MHC class II expression in fungiform papillae. A. Negative control performed by skipping primary antibody; B. MHC class II expression and distribution. Frozen sections of human fungiform papillae were labeled with mouse against human HLA DR antibody. Note that the molecules present in intraepithelial and subepithelial cells but not in epithelial cells. 10 × 20 magnification.

Figure 4

Dendritic cells in fungiform papillae. A. CD11c staining dendritic cells; B. DC-SIGN staining immature dendritic cells; C. CD83 staining mature dendritic cells, and D. CD1a staining Langerhans cells.
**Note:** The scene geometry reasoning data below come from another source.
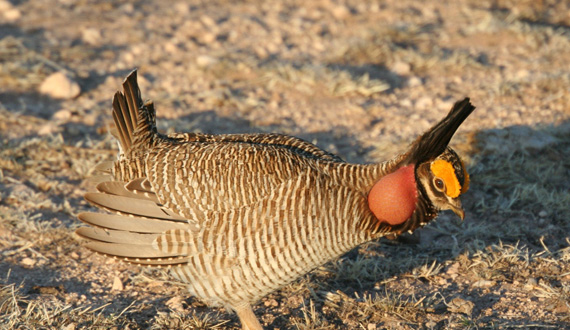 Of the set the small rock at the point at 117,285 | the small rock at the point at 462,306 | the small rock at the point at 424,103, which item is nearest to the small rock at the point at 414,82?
the small rock at the point at 424,103

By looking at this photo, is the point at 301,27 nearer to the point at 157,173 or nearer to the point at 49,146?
the point at 49,146

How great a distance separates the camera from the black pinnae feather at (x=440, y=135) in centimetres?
348

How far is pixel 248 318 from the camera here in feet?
12.0

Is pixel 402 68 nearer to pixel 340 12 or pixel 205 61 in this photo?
pixel 340 12

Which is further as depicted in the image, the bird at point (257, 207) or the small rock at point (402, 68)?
the small rock at point (402, 68)

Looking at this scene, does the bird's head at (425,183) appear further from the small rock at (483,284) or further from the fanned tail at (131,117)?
the fanned tail at (131,117)

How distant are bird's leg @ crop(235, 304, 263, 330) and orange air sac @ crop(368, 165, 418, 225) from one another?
0.88 metres

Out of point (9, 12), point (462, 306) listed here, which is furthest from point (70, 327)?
point (9, 12)

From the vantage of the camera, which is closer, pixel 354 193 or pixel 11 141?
pixel 354 193

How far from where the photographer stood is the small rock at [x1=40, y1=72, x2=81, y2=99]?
6.29 metres

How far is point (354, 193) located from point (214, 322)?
109cm

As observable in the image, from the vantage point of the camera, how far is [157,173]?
12.1ft

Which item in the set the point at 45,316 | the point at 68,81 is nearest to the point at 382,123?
the point at 68,81

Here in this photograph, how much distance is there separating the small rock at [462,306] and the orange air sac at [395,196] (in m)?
0.63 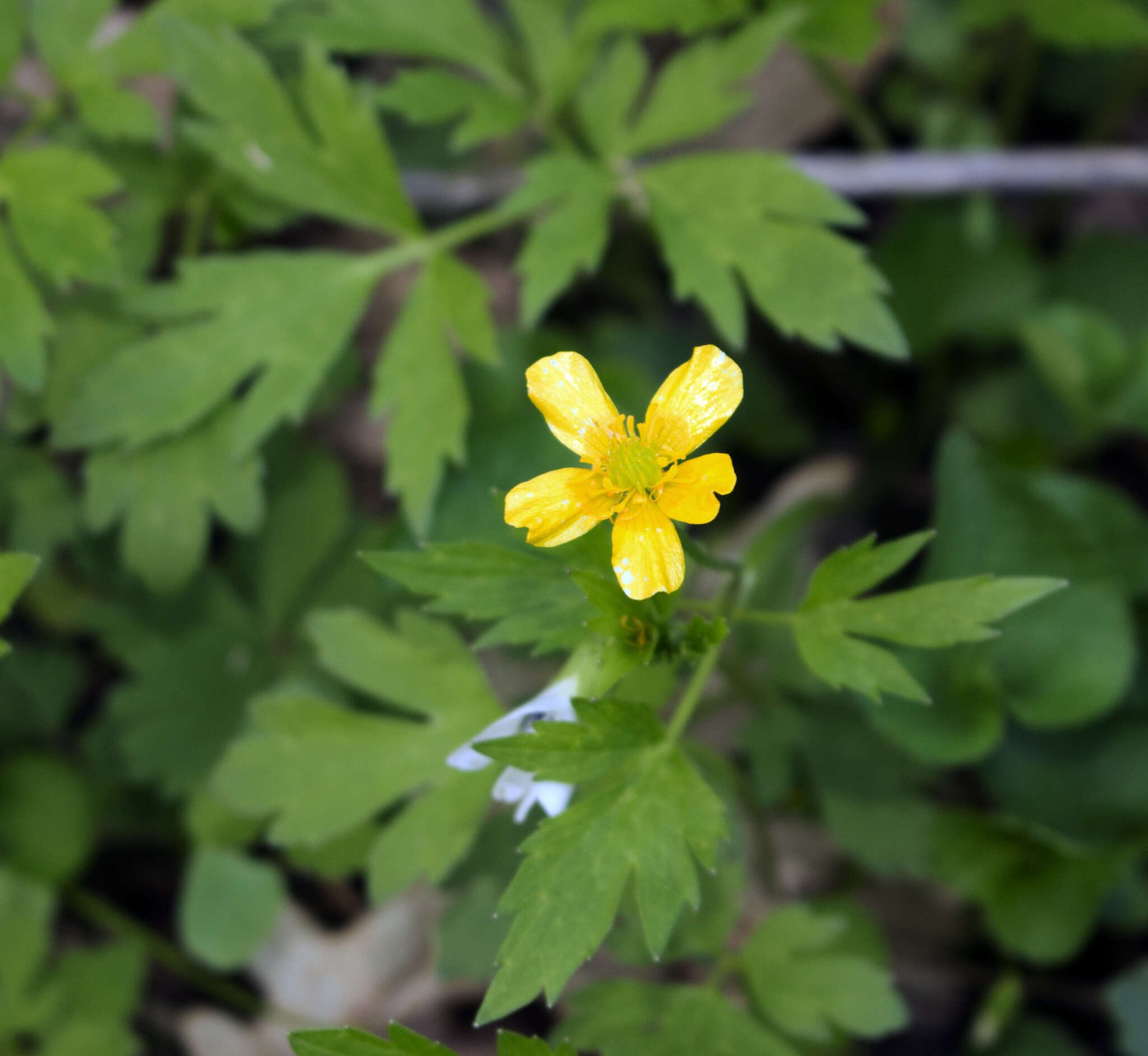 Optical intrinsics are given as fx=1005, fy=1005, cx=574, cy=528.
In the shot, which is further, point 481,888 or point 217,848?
point 217,848

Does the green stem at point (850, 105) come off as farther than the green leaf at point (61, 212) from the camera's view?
Yes

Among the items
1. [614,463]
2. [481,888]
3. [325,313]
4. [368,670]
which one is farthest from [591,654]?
[325,313]

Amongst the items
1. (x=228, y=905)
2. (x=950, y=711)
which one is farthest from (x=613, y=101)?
(x=228, y=905)

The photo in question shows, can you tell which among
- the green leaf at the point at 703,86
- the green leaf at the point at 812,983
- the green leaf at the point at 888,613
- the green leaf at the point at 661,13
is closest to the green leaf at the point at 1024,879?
the green leaf at the point at 812,983

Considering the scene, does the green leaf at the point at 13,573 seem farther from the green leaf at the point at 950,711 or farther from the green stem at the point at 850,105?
the green stem at the point at 850,105

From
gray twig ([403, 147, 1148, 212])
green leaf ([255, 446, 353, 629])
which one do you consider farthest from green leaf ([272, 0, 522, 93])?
green leaf ([255, 446, 353, 629])

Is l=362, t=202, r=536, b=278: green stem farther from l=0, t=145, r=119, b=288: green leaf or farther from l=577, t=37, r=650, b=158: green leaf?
l=0, t=145, r=119, b=288: green leaf

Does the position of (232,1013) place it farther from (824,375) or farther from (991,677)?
(824,375)
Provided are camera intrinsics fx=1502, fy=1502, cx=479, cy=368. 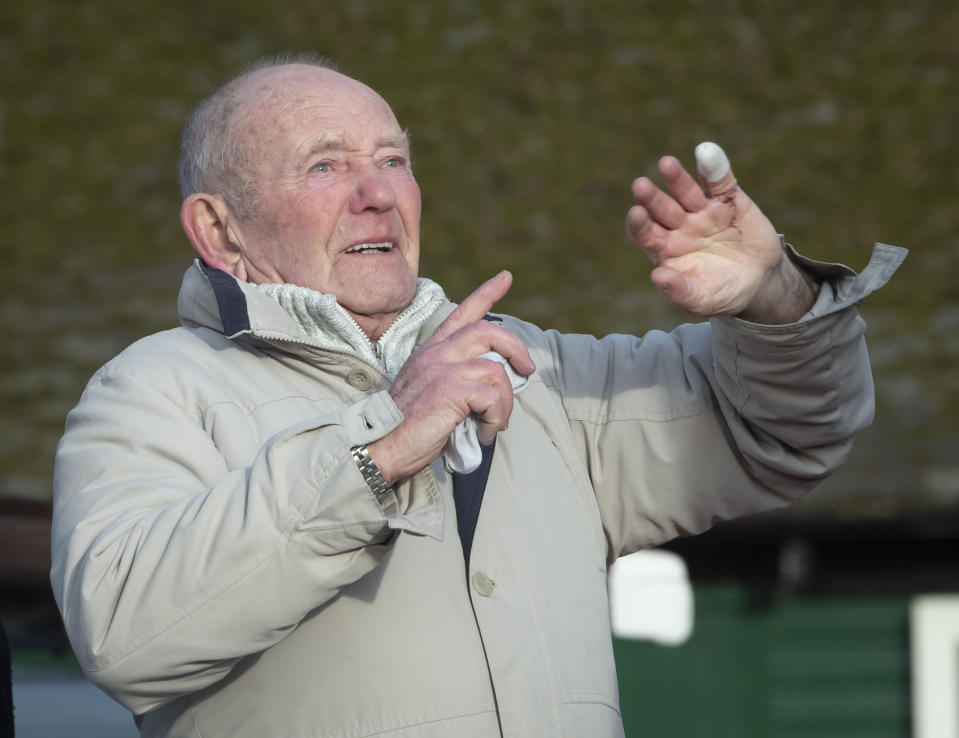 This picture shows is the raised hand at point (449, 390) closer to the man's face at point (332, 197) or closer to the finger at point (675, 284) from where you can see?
the finger at point (675, 284)

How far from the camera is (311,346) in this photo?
8.32 feet

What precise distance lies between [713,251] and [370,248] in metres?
0.63

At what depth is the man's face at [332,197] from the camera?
2.72m

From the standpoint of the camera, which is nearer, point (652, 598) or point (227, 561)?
point (227, 561)

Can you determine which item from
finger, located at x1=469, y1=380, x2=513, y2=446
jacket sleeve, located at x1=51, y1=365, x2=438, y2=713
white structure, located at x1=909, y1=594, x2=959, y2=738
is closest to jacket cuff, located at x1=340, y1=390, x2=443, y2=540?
jacket sleeve, located at x1=51, y1=365, x2=438, y2=713

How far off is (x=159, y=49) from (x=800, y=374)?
7214mm

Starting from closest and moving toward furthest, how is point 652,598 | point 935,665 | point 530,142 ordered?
point 652,598, point 935,665, point 530,142

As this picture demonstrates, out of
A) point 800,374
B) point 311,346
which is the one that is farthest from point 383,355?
point 800,374

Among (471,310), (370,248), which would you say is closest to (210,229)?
(370,248)

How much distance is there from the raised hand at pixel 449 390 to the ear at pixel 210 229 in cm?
75

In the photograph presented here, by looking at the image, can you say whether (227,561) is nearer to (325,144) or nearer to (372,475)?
(372,475)

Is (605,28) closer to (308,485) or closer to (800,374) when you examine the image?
(800,374)

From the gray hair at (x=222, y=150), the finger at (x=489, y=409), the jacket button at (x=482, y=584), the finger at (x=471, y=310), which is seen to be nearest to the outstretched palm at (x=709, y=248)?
the finger at (x=471, y=310)

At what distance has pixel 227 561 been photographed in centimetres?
209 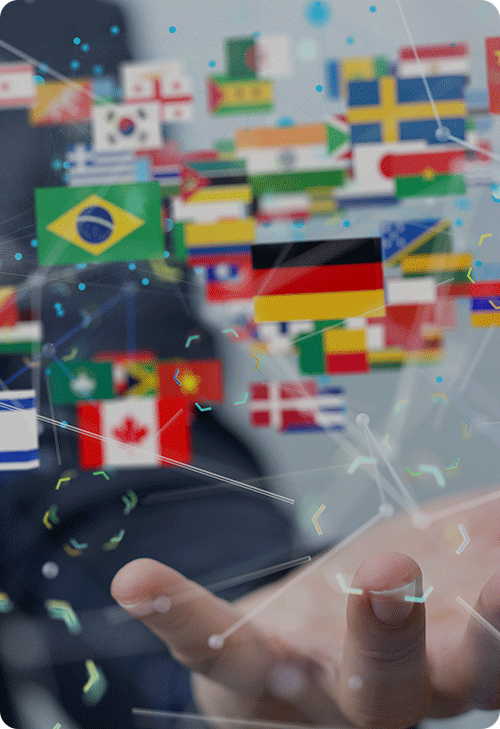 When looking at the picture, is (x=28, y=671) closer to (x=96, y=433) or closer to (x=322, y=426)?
→ (x=96, y=433)

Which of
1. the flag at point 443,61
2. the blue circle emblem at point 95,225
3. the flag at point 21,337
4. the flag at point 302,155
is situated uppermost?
the flag at point 443,61

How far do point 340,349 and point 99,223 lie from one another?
0.94 ft

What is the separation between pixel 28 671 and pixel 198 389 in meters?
0.37

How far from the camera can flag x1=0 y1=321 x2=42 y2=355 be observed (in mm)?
618

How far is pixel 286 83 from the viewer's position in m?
0.59

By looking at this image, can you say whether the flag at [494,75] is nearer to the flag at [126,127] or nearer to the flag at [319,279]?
the flag at [319,279]

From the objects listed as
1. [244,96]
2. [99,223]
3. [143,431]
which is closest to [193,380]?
[143,431]

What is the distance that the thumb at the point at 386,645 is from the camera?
46cm

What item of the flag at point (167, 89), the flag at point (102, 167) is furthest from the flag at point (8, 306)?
the flag at point (167, 89)

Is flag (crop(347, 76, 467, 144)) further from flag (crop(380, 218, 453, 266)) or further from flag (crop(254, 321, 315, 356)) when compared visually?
flag (crop(254, 321, 315, 356))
Note the difference in distributions of CD1a Langerhans cells, which are mainly present in epithelium, and CD11c dendritic cells, which are distributed both in epithelial and connective compartments. 10 × 20 magnification.

Figure 5

CD64+ macrophages in fungiform papillae. A. Macrophages were mainly distributed in the lamina propria, 10 × 20 magnification; B. High magnification of image showing macrophages occasionally migrate through the basement membrane into the epithelium. 10 × 60 magnification.

Figure 6

Lymphocytes in fungiform papillae. A. CD4 helper T cells; B. CD8 cytotoxic T cells; C. Showing no CD19 staining B lymphocytes. 10 × 20 magnification.